─── The records ───

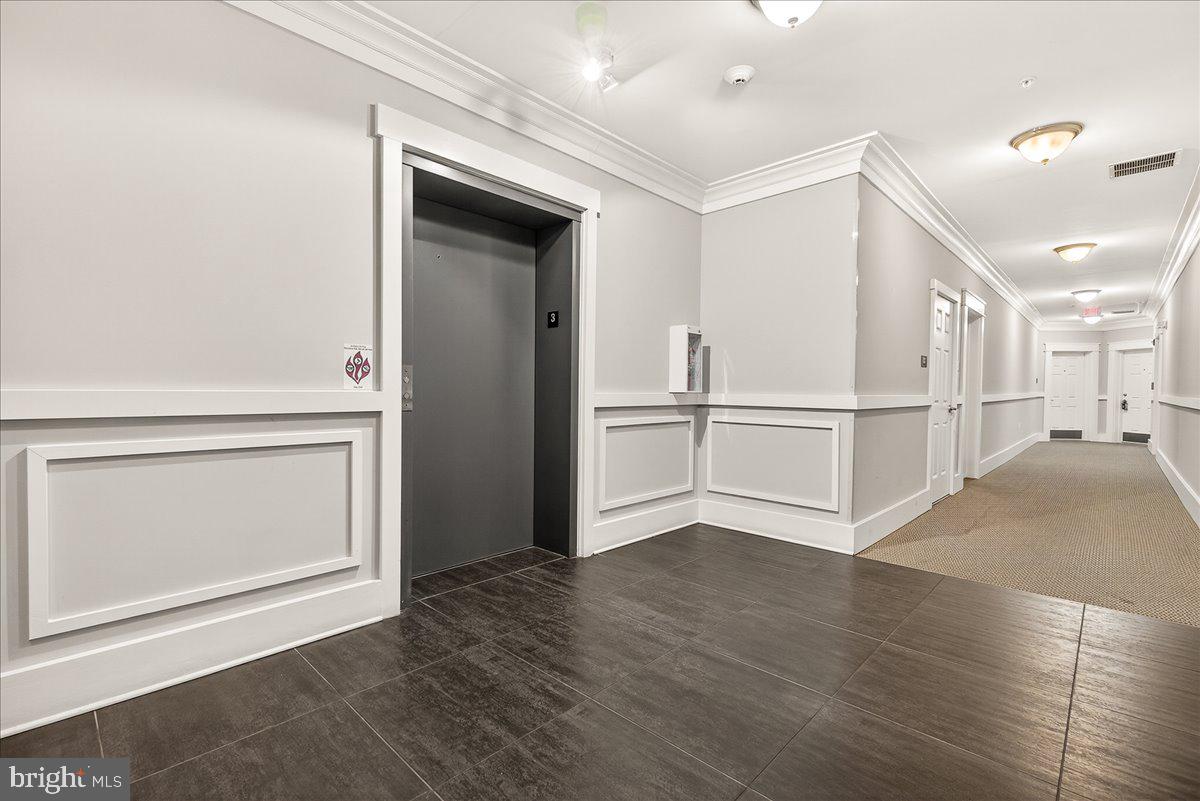 3911 Doc Berlin Drive, Unit 37 Silver Spring, MD 20906 - Photo 5 of 35 a view of wooden floor and windows in a room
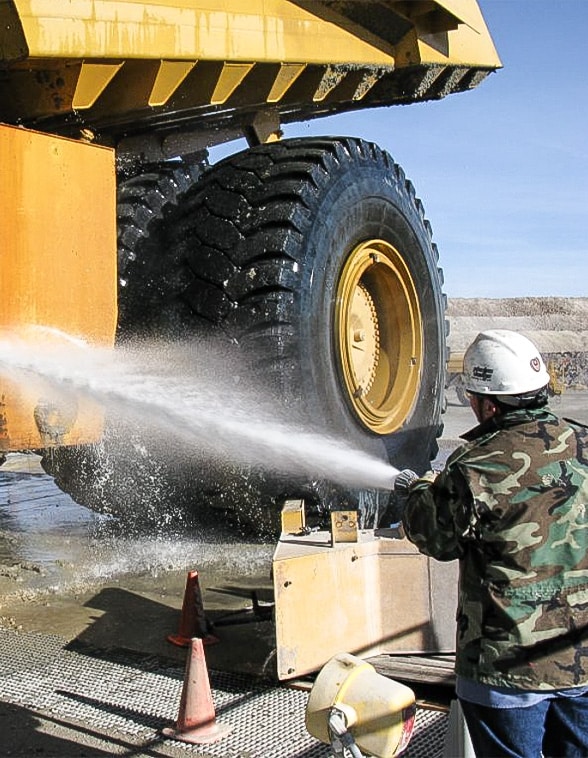 Heavy-duty mining vehicle being manually washed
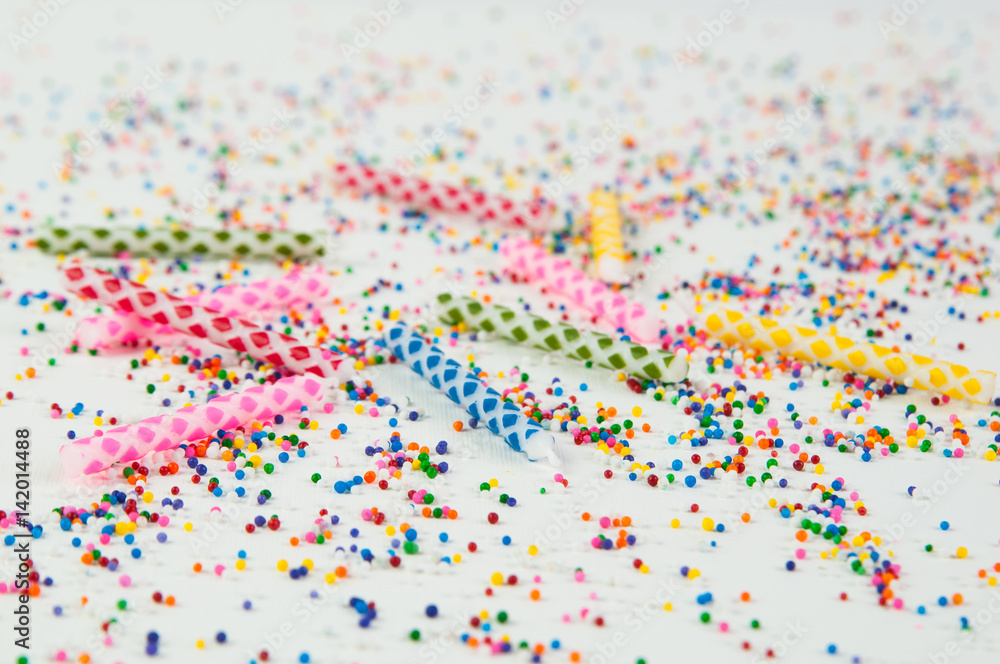 colorful birthday candles and candy sprinkles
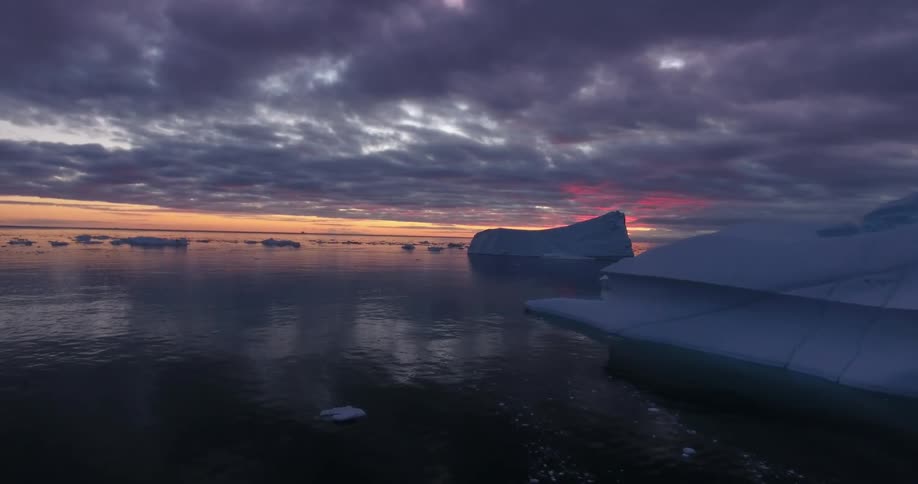 Snow and ice floating on water in the wilderness at dusk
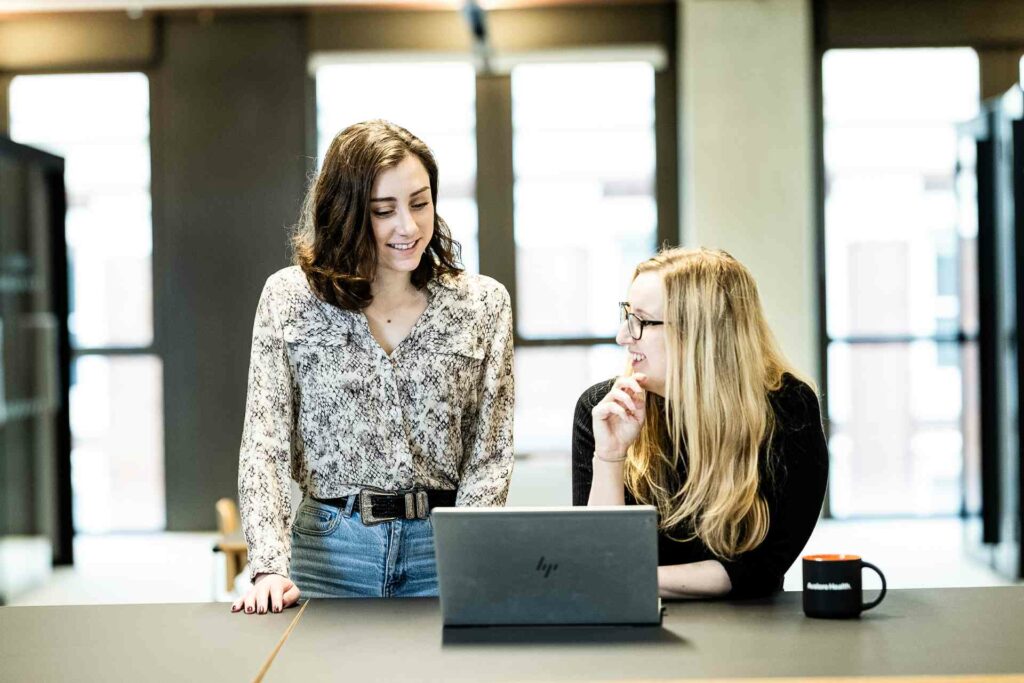 Two colleagues chatting over a laptop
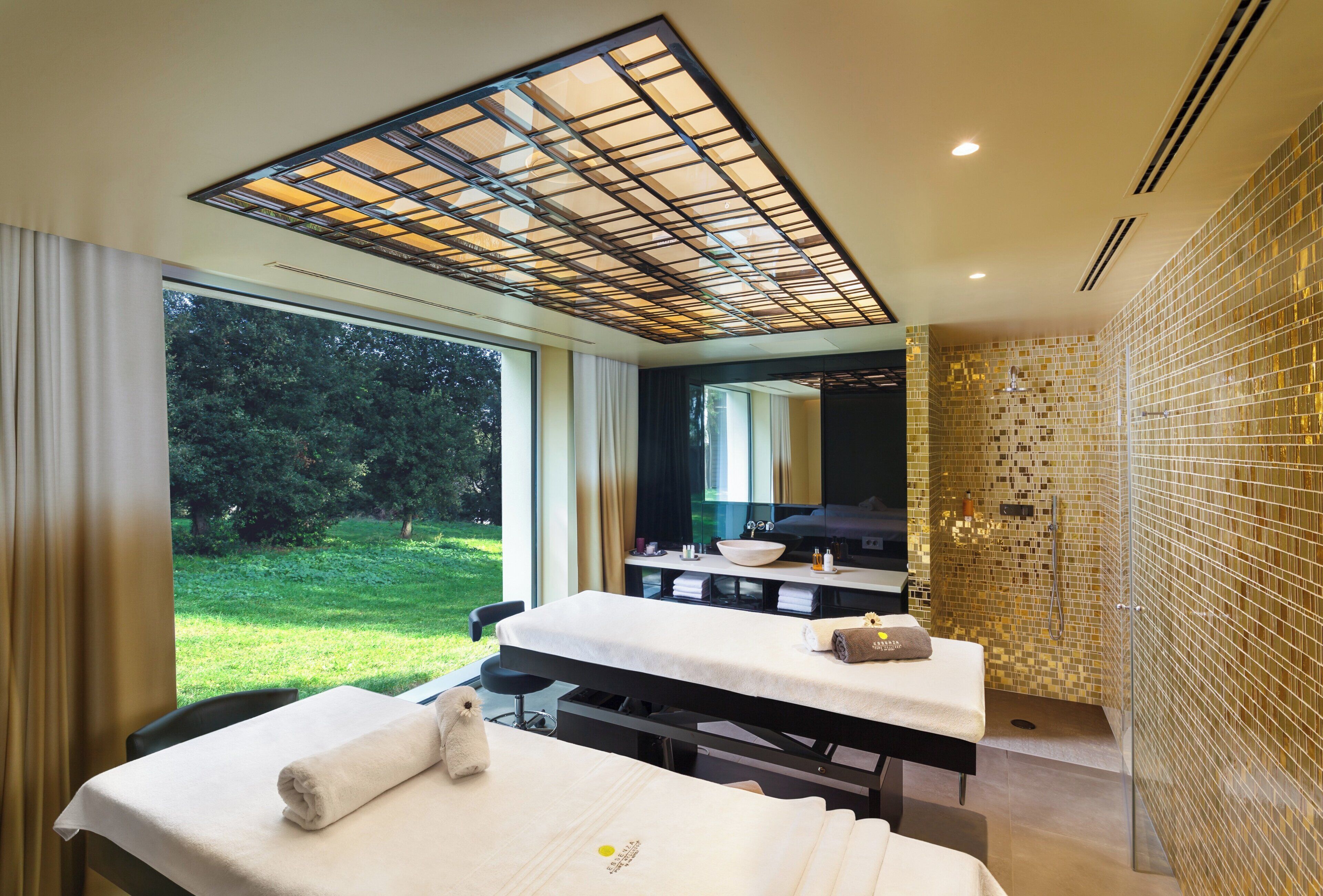 A modern spa room with a large window, a massage table, a sink, and a shower area.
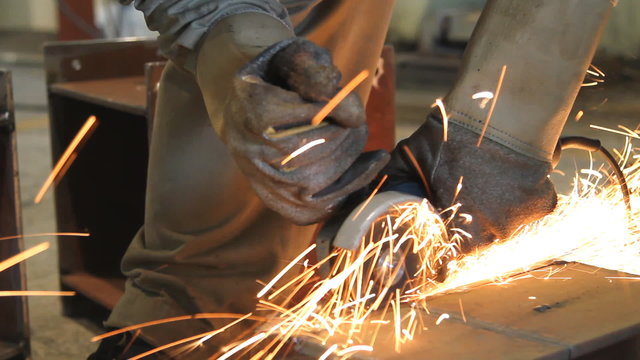 Industrial Worker cutting steel metal with grinder.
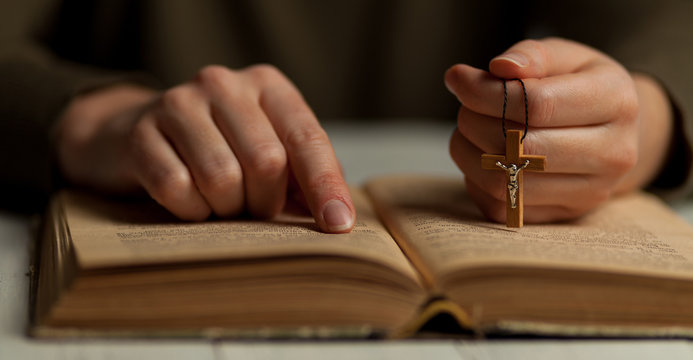 Reading God's commandments in the Bible, close-up of a hand with a crucifix.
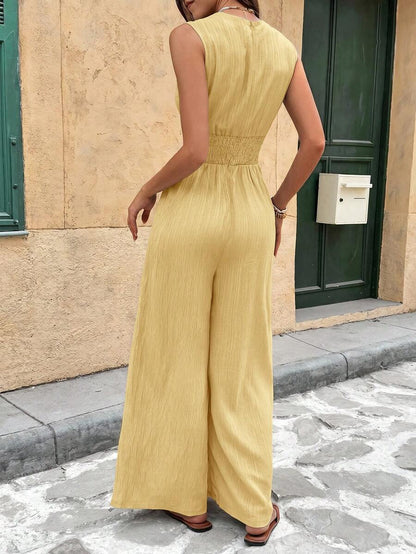 Marga | Effen jumpsuit met diepe V-hals en gerimpelde mouwen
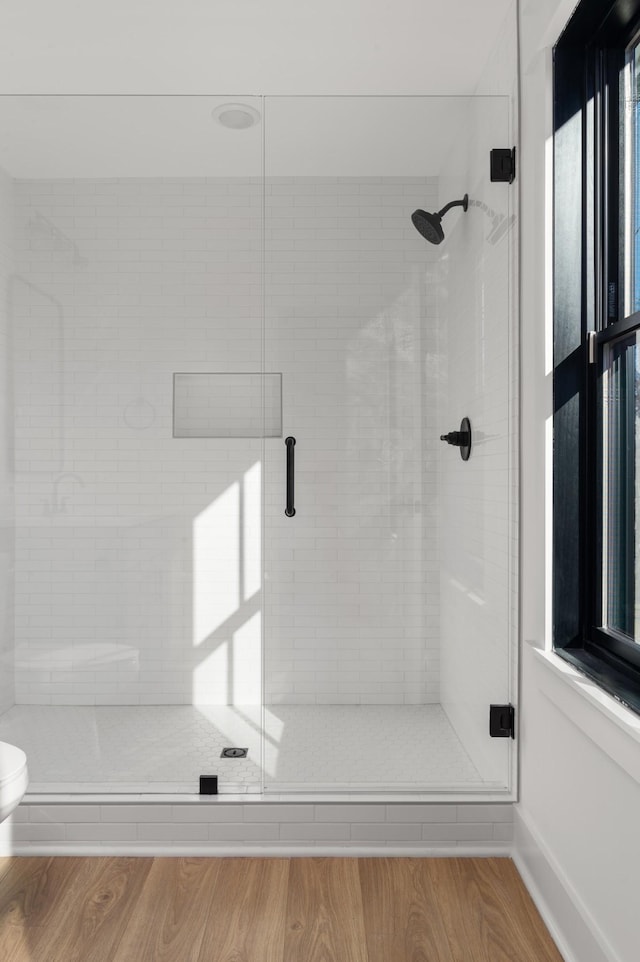 bathroom featuring toilet, a stall shower, baseboards, and wood finished floors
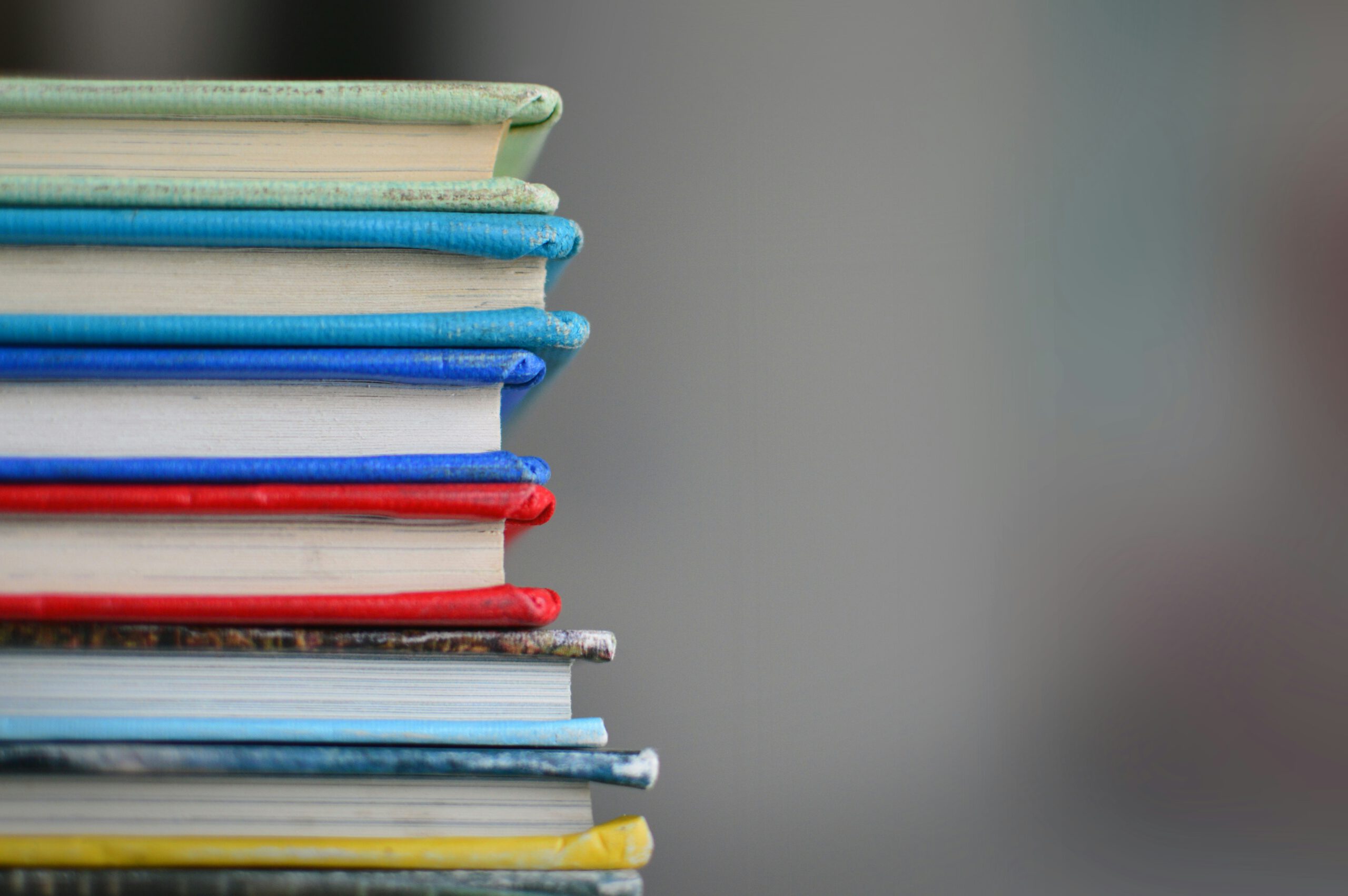 Das Foto zeigt einen Stapel Bücher, die eng aufeinander gestapelt sind. Die Buchrücken sind in verschiedenen Farben gehalten, darunter Blau, Rot und Grün. Die Bücher wirken leicht abgenutzt, was auf häufige Benutzung schließen lässt. Der Hintergrund ist unscharf und lenkt den Fokus auf die Buchrücken, die am linken Bildrand angeordnet sind.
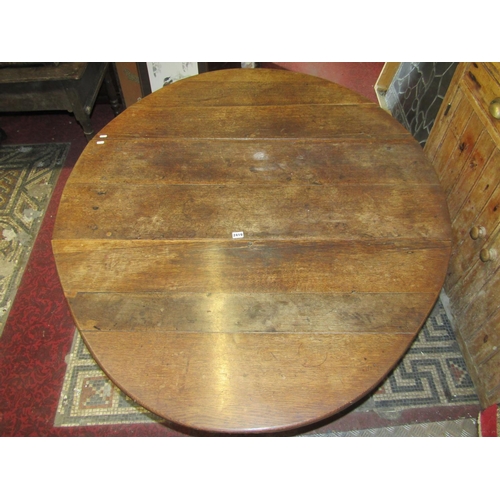 2406 - A Georgian oak gateleg dining table raised on eight turned supports, 125cm long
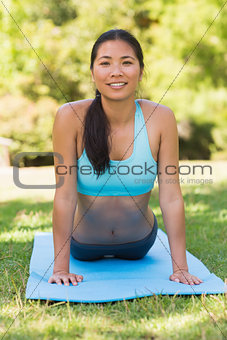 Healthy and beautiful woman exercising in park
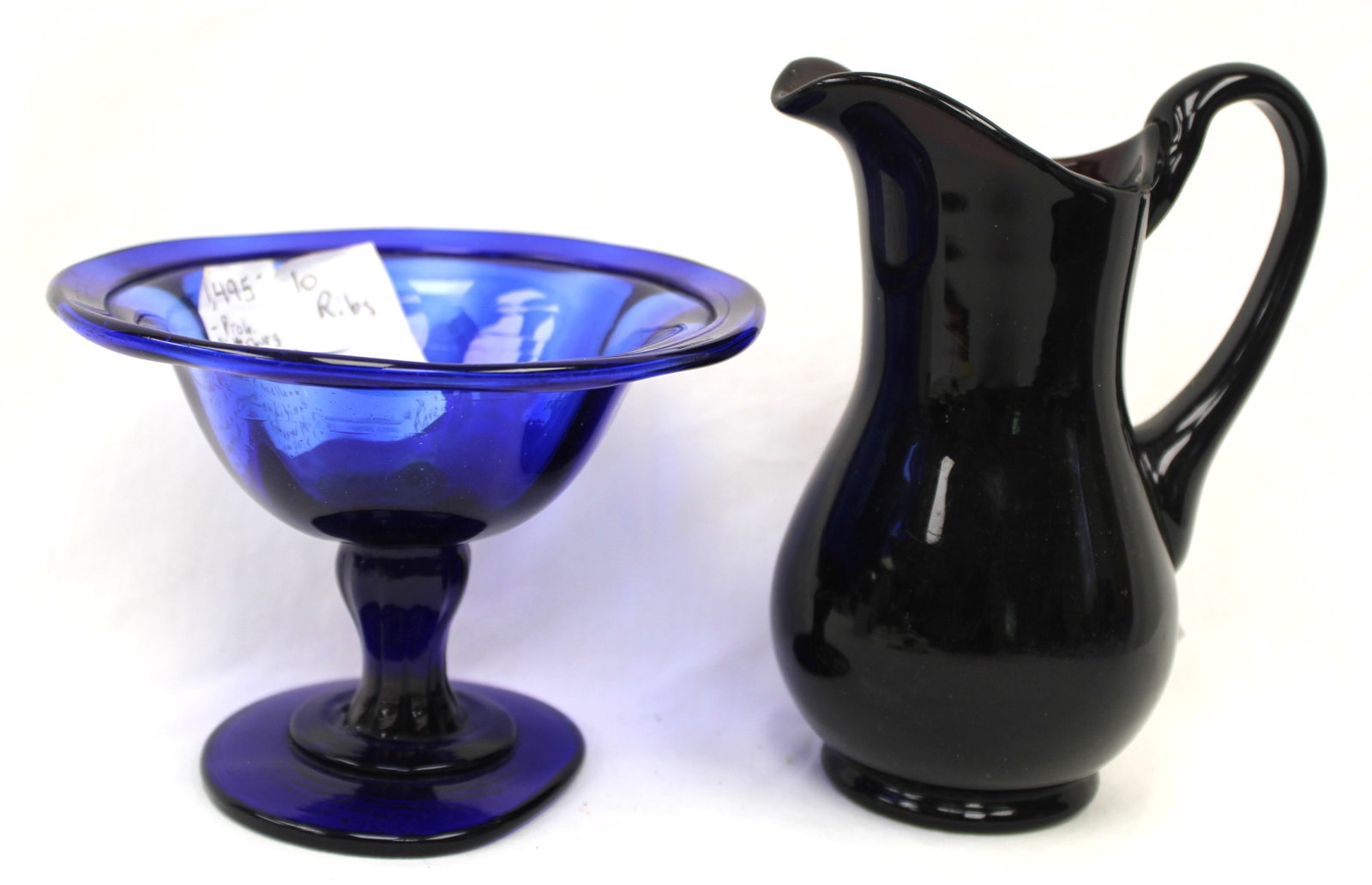 Lot of 2 antique glass items - cobalt compote & rosy amber pitcher - 4 1/4" tall x 5 3/4" diam & 6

───

> _Problem to solve_
No images belong in the copy. Transcribe every record exactly.

> _Output for this exercise_
 3911 Doc Berlin Drive, Unit 37 Silver Spring, MD 20906 - Photo 5 of 35 a view of wooden floor and windows in a room
 Heavy-duty mining vehicle being manually washed
 colorful birthday candles and candy sprinkles
 Snow and ice floating on water in the wilderness at dusk
 Two colleagues chatting over a laptop
 A modern spa room with a large window, a massage table, a sink, and a shower area.
 Industrial Worker cutting steel metal with grinder.
 Reading God's commandments in the Bible, close-up of a hand with a crucifix.
 Marga | Effen jumpsuit met diepe V-hals en gerimpelde mouwen
 bathroom featuring toilet, a stall shower, baseboards, and wood finished floors
 Das Foto zeigt einen Stapel Bücher, die eng aufeinander gestapelt sind. Die Buchrücken sind in verschiedenen Farben gehalten, darunter Blau, Rot und Grün. Die Bücher wirken leicht abgenutzt, was auf häufige Benutzung schließen lässt. Der Hintergrund ist unscharf und lenkt den Fokus auf die Buchrücken, die am linken Bildrand angeordnet sind.
 2406 - A Georgian oak gateleg dining table raised on eight turned supports, 125cm long
 Healthy and beautiful woman exercising in park
 Lot of 2 antique glass items - cobalt compote & rosy amber pitcher - 4 1/4" tall x 5 3/4" diam & 6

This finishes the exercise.